Review for NeurIPS paper: Fast Matrix Square Roots with Applications to Gaussian Processes and Bayesian Optimization

NeurIPS 2020

Fast Matrix Square Roots with Applications to Gaussian Processes and Bayesian Optimization

Review 1

Summary and Contributions: The authors propose to use a certain Krylov subspace approach for solving linear systems of the form K^{1/2} z and K^{-1/2} z based on a certain contour integral representation, where K is a kernel matrix arising in Gaussian process regression, in order to solve larger systems than it is possible to Cholesky factorize. UPDATE: after discussion, my view on this paper has largely not changed.

Strengths: This is a good paper. The authors' iterative solver proposal makes sense and in principle should allow one to scale sparse Gaussian processes to settings where there are as many as 50,000 inducing points, which is an order of magnitude more than one can do with Cholesky factorizations. This also avoids memory bottlenecks from assembling large kernel matrices, by rewriting all necessary expressions as matrix-vector products which can be computed in a matrix-free manner. The authors' error analysis is rigorous, makes sense, and *crucially* makes it clear that these techniques introduce error. Even better, the authors quantify said error in a way that makes it understandable, by deriving bounds using techniques familiar to anyone who has studied numerical analysis. This is in stark contrast to prior work on iterative solvers for GPs, which has incorrectly claimed that they give exact Gaussian processes, which is simply false due to numerical error arising from ill-conditioned matrix-vector operations. I applaud the authors for presenting their work honestly and not following these embarrassing trends. Finally, the authors present a number of nice extras, such as computation of natural gradients which can speed up optimization, and some reasonable experiments with inducing point GPs. There are also examples in Bayesian optimization which might be interesting to practitioners in that area.

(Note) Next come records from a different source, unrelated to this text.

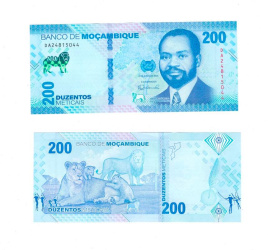 Мозамбик 200 метикал 2024 год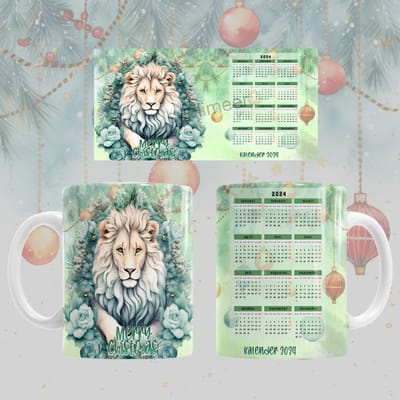 Mok Merry christmas / Vrolijk kerstfeest met de jaarkalender 2024!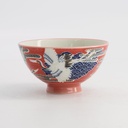 Kawaii Rice Bowl Crane 11.5x6cm 300ml Red 5/120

Weaknesses: The main downside of the method is that these ideas involve heavy low-level coding work which makes them a pain for practitioners to use. People are unlikely to start using these techniques unless they really need a GP with a lot of inducing points, or someone else writes GPflow code for the solvers which is so good that practitioners can just drop it in without thinking about what it does. The other downside is that techniques like this are completely classical in the numerical analysis and partial differential equations communities, where people have known about Krylov solvers for a long time, and people have moved on to more sophisticated techniques such as multi-grid methods [1] ages ago. What is not so classical here is working with systems of the form A^{-1/2} b instead of much more commonly studied A^{-1} b, because the former arise in GP models. The Gibbs sampling for image reconstruction example is a bit bizarre - I am not sure why anybody would use GPs for this due to the overwhelming empirical success of deep networks for image reconstruction tasks. Moreover, Gibbs sampling itself is largely an outdated technique, which is often outperformed by Hamiltonian Monte Carlo and other more sophisticated methods. This example really ought to be replaced with something else, and is perhaps the weakest part of the paper. [1] W. E. Principles of Multiscale Modeling. Cambridge University Press, 2011.

Correctness: I looked over the authors' error analysis, and all looks reasonable to me, though I did not check the lemmas and derived inequalities line by line. The basic idea to split error into different sources and analyze them separately is pretty standard in numerical analysis. Some of the ideas use estimates from complex analysis, but this area is so well-studied that pretty much all the expressions used are likely classical by now. The experiments likewise seem reasonable, but I am not an expert in Bayesian optimization, so I cannot comment too much about how good or bad the results are, or if there are other relevant baselines that are missing.

Clarity: This paper is well-written and describes most of the issues well. Notation is consistent, unambiguous, and largely used well. I am especially happy that the authors added interpretable labels to their error bound, which makes it easier to read, and that they did not hide the constants in the appendix where people have to go looking for them - this makes the paper read much better. Overall, I did not have much trouble understanding the work, so I think the authors did a reasonable job in their writing.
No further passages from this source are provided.